I borrowed several books from Amanda.  Escape was one of them.  There’s also another about one of the boys in the FLDS, some other non-fiction & Norton’s Anthology of Narrative, because I’m on a reading frenzy.

Okay, need to walk my girl then go get Barrett at school.  I’m feeling a lot better!!

Why Am I Up?

2009/12/04

1. I’m a night owl.  But I was doing great tonight, in bed before midnight.  I finished A Season In Purgatory.  I love Dominick Dunne.  His writing really developed over the years.  I called this tome fluff in an earlier post but it is not fluff.  It’s a well written page-turner!

2. My dear hubby is snoring loudly tonight.  He doesn’t usually snore that much.  I know I do, so I’m certainly not complaining, but I’m really tired, so I came into the family room and set myself up on the couch and….

3.  I really wanted to talk about the book I started after I finished the novel.  My friend, Kim K.S., recommended this book.  It’s called The Creative Habit  Learn It And Use It For Life by dancer/choreographer Twyla Tharp.  I’m already hooked!  I’m sure she’s on to something here.  Suddenly social media and marketing types are talking about creativity and business, and she was talking about it 3 years ago.  And she lives it. 

4.  The meds to heal my bronchitis/asthma are upsetting my tummy and it’s hurting.  Bummer.

So these are the reasons I am up.  I’m going to go to sleep, but I’ll probably goof around a little bit with Bookworm before I do.  And it’s 2am!!  Oh, well, I’m blessed to not have to get up early most mornings.  I’m am very grateful for that.  My spirits have lifted so much.  My heart was heavy for 36 hours about a silly communication fiasco on Facebook.  My feelings were so hurt, plus I felt guilty for my part in it, and I was torturing myself with it.  Gerardine Baugh helped with that by commenting on my writing, just a little while ago.  Click on her name to visit her site.  She writes beautifully.   I’ve asked Spirit to take the burden for 36 hours, and I think it is slowly lifting.

I am very grateful.

I am reading…

2009/11/09

In the Cellar by German intellectual/writer/philosopher/linguist Jan Philipp Reemtsma.  It is about his own kidnapping in 1996.  I understand he’s a bit of a controversial figure.  The link I provided is from a magazine to which he is a contributor.  Wikipedia was in German, and its portrayal (after Google translation) was slightly confusing because of the crude translation and not complementary at all.  I definitely want to know more about this gentleman.  After I read his book I will do more research on him and his writings.  

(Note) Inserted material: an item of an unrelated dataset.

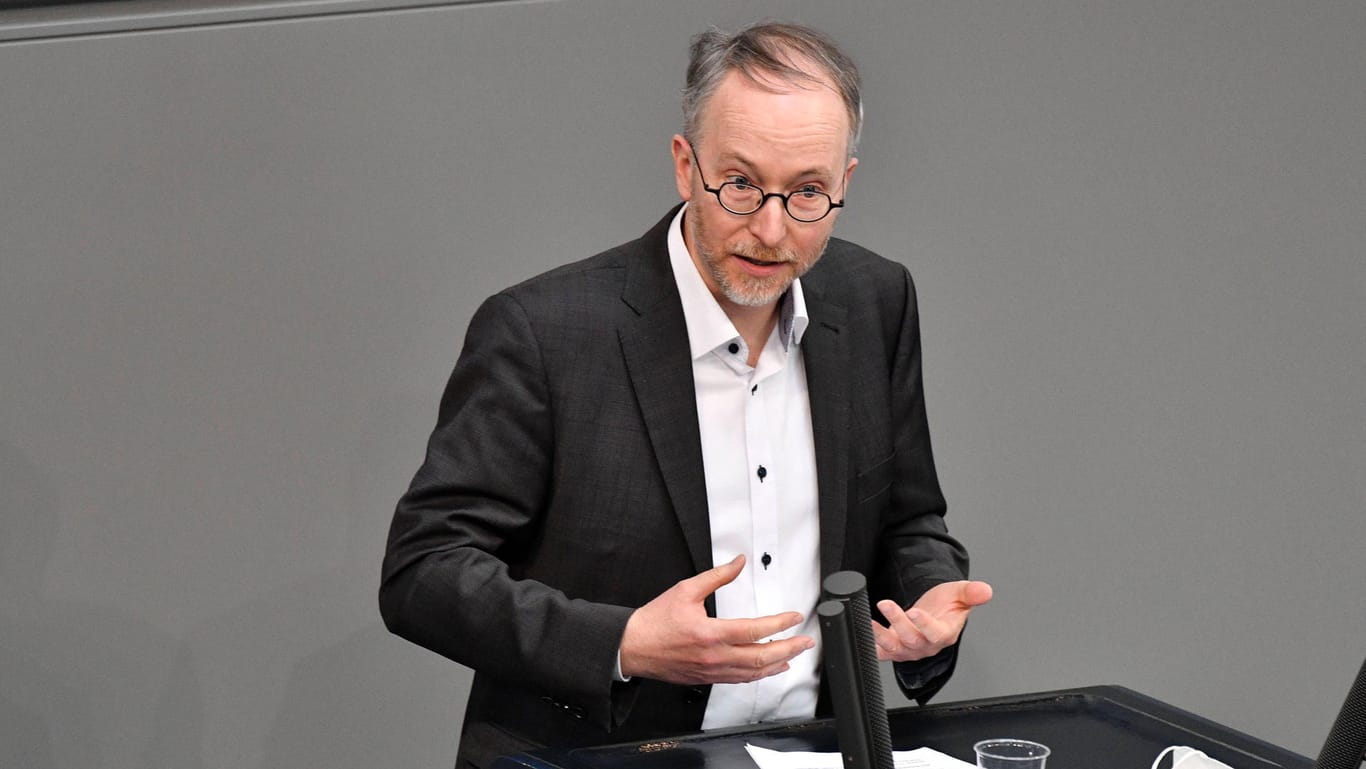 Unzufrieden mit dem Zustand der Bahn: Matthias Gastel, bahnpolitischer Sprecher der Grünen, will den Konzern neu strukturieren.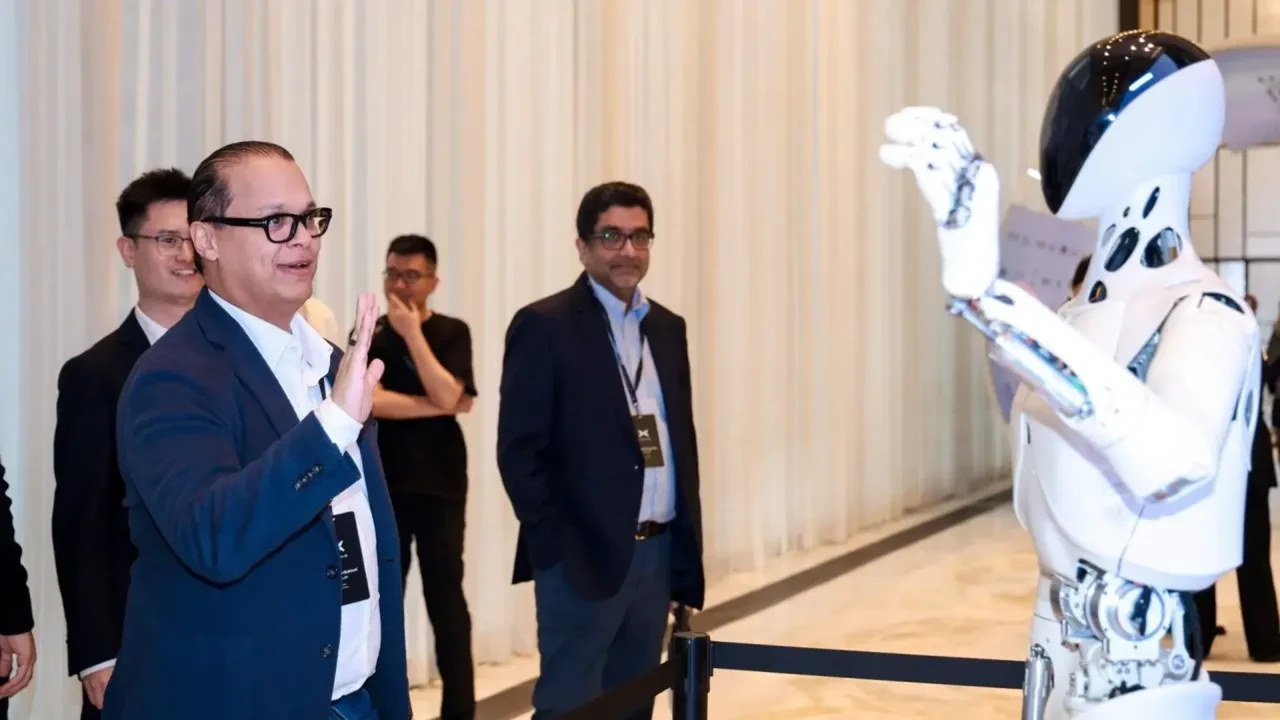 Otomotiv standartlarında ilk insansı robot üretildi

I’m finding his book very interesting.  It was translated beautifully by Carol Brown Janeway.  I like the writing; it is obviously intelligent.  He recounts his thoughts, his misperceptions, and his attempt to resist identifying with his kidnappers while in captivity.  I am about half way through it.  Because of his strong literary background, he refers to many literary luminaries of all nationalities, which also interests me.

So, back to the book, then off to bed!